Artificial intelligence, or AI, has transformed from a futuristic tech novelty to a modern-day business tool.
With artificial intelligence, computers are able to take data and “learn” from it, analyzing the data in a way that allows the computer to make accurate predictions and educated decisions.
As the technology has matured, businesses in all industries are working hard to develop applications for AI that will boost their productivity and improve their operations.
And it’s no wonder why: a study by business research group Accenture found that artificial intelligence has the potential to double economic growth rates within the next 20 years, while increasing productivity by 40%.
The international trade sector has quickly caught on to the artificial intelligence trend. With so much data generated by companies, there is ample opportunity to improve trade processes with artificial intelligence.
Here are four ways international trade is beginning to benefit from the technology.
1. Enabling more proactive supply chains
Supply chains already thrive on data from start to finish. Online orders, warehouse packing slip data, and shipping station freight scans can all feed data to a logistics program driven by artificial intelligence.
These programs can provide a variety of benefits to supply chains. They can anticipate supply chain disruptions and formulate plans to compensate. They can predict customer behavior to regulate stock, preventing order shortages or overages. They can also calculate the fastest and cheapest shipping routes and foresee customer cancelations.
Ultimately, an artificially intelligent supply chain is a proactive supply chain, one that is incredibly agile and able to alleviate the impact of inevitable disruptions.

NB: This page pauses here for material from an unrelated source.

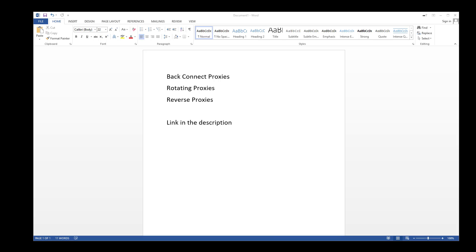In this video I want to cover back connect proxies, rotating proxies, and reverse proxies. These are all exactly the same thing and you might hear them called a few other things, but the basic premise is they change the IP on the back end. You get a fixed set of IPs to connect to, and on the back end it's pulling from a big pool of IPs. Google will see the back-end IP, not your IP.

2. Enhancing time-saving compliance software
One of the biggest challenges of international trade is compliance. Companies have to know who they are doing business with and watch for clients, suppliers, or business partners who violate trade restrictions. With those restrictions constantly evolving, compliance can pose a time-consuming challenge to international businesses.
Of course, software already exists to aid with compliance, but that software isn’t always foolproof. It’s prone to false positives and false negatives, which means that human review is often required.
Because of its learning capabilities, artificial intelligence can improve compliance software by reducing the amount of false positives and negatives, thus reducing the amount of additional human review and input necessary to maintain compliance.
3. Creating smarter contracts
Trading generates a lot of contracts. While these contracts take time and money to formulate, review, and comply with, they are often neglected unless a problem arrives. Enter artificial intelligence.
AI can transform trade documents, often entangled in legalese, into useful documents that can help businesses operate more easily within the parameters of the contract, and even reduce the risk of legal issues. Legal-based AI programs can catalog contracts, making sure they are being implemented properly throughout the business.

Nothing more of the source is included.